Renee Robinson: Black History Month in Dance, 2021
Black History Month in Dance 127, 128, 129, 130, 131, 132. In December 2012, it was my privilege to write the “New York Times” review of Renée Robinson’s farewell performance as a member of Alvin Ailey American Dance Theatre. By that time, she had been a professional dancer for more than thirty years; few in the audience - certainly not I - could remember the Ailey repertory before her. She herself had become the only member of the company who had danced for Ailey himself. Many flowers were thrown, but only two bouquets were formally presented onstage: by Robert Battle, artistic director of the Ailey company, and by Judith Jamison, Battle’s predecessor (and Ailey’s successor) as artistic director.
What I can never forget is that she left the company that night in the kind of form that burns itself on the memory - the way she had danced all along. I remember how in “Night Creature” she moved her hips in a figure-of-eight motion that sculpted its arcs in space; I remember above all how she took one overhead lift, one leg raised high like a beacon, her back arched in the kind of firm, proud arc that few dancers of any age sustain; I remember the line of her jaw, the brightness of her smile, the shapes she cut in the air in jumps. In the finale of the final “Revelations”, her sheer glee was exhilarating even by “Revelations” standards. (These photographs by my old “New York Times” colleague Andrea Mohin happily confirm those memories.)

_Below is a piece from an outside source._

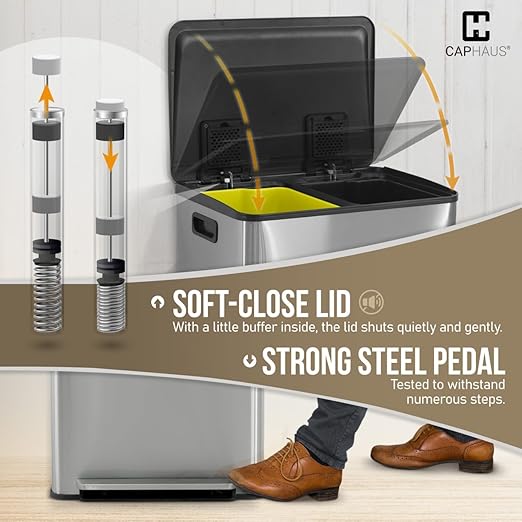 CAPHAUS Dual Trash Can with Lid, Trash and Recycling Bins Combo for Kitchen, Hands-Free Stainless-Steel Garbage Can with 2 Compartment, Hinged Lid, Odor Filter, Handles, 30L+30L, 2 x 8 Gallon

The annual five-week Ailey season at New York City Center is one of the great fixtures of the New York calendar - or was until December 2020. I’ve often compared it to seasons by the Bolshoi Ballet: you watch fabulous performers transcend repertory less than half of which is worthy of them and some of which is trash - performers who are never demeaned by their material and whose ardour brings glory on all they do. Give them material worthy of their calibre and they burn all the brighter.
Over the years I watched her, Robinson’s dancing was never less than incandescent. On the night of her farewell to City Center, I was aware that most people in the audience were hailing her as a vital part of their lives. There are other Ailey dancers of whom much the same can be said: their place in successive Ailey seasons makes them bright and constant stars in the theatrical firmament.